Thankfully, old Volbach set things straight, casually dismissing all this heroic posturing as misty bullshit. “These muscle-bound whiners,” he said, “they do not want to make the new world. They want their power back. They want to turn back the clock. You should not let them do it.” He then proceeded to explain to us that, in case we hadn’t heard, there had been two great wars in this century, and a number of smaller ones, into which most of the able-bodied and apparently heterosexual men in Europe and the United States had been drafted—excepting those in critical industries, in government, or in education. Moreover, he pointed out, the arts—theater, dance, music, painting, and sculpture—were not critical industries, nor were they government, nor were they education.

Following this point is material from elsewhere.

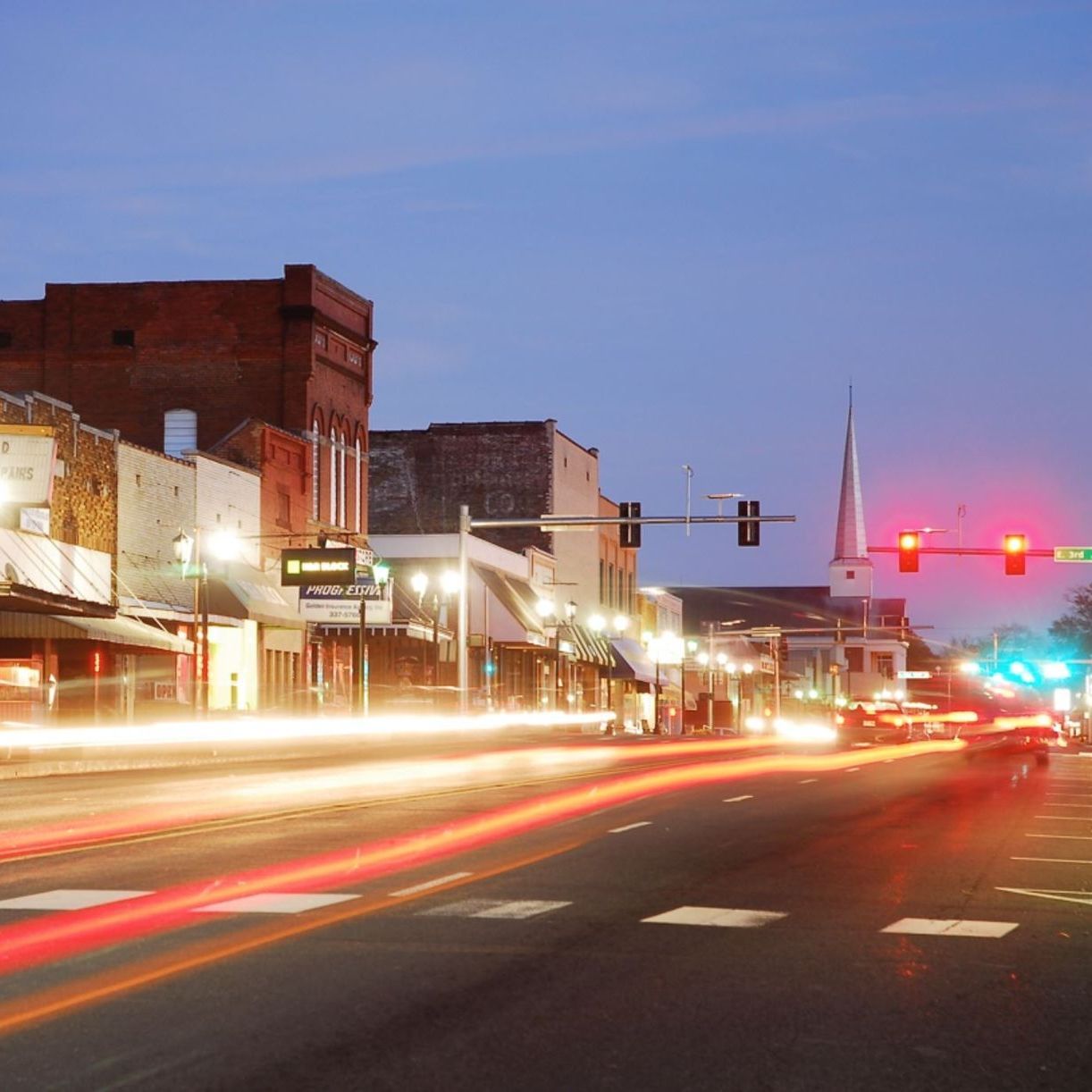 A blurry picture of a street in Malvern Arkansas.
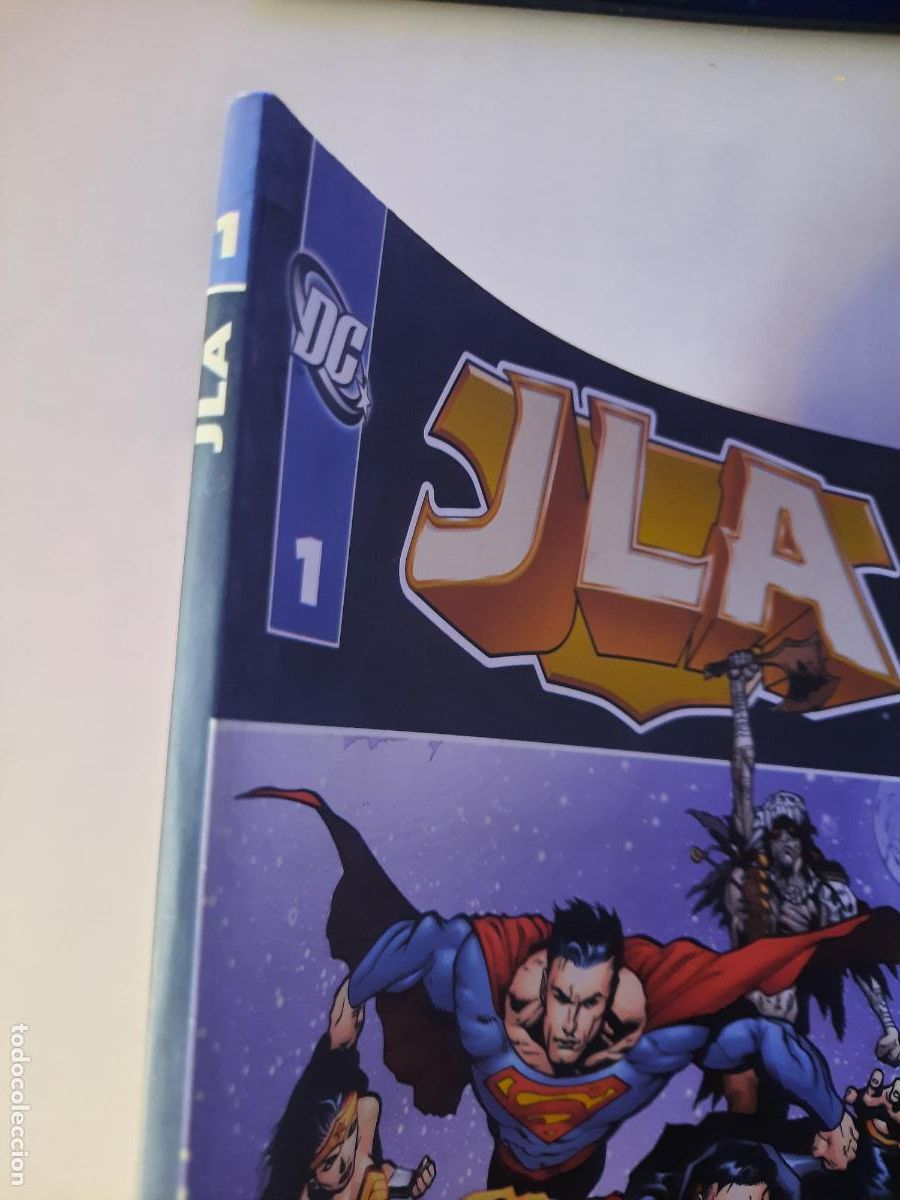 C&oacute;mics: JLA N&ordm; 1 - ED. PLANETA - Foto 2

They were little businesses, so all the heterosexual men were drafted out of them. “So who is left?” Volbach asked, thrusting his finger into the air and swaying behind it, “Queers and women and a bunch of old Jews! Suddenly, they are the arts! They do a little business in the night. They get paid a little for it and do their best, while the government and the goyim are out killing one another.”
“Then the war is over, and all the big, brave soldiers come home—feeling very angry and very heroic—and what do they find? They find the world has changed. This was true in Weimar and it is true again today. All these soldiers look around and see the culture of their nation being run by effeminate, Semitic, commercial pansies! And they are shocked! For the first time in history, the songs we sing, the pictures we see, and the plays we attend are not being dispensed by over-educated, Aryan muscle-boys, and these muscle-boys are very upset. But what can they do? Business is business, after all. Even Aryan muscle-boys believe in that, and as long as pictures are being bought and plays are being attended and songs are being sung . . . ?”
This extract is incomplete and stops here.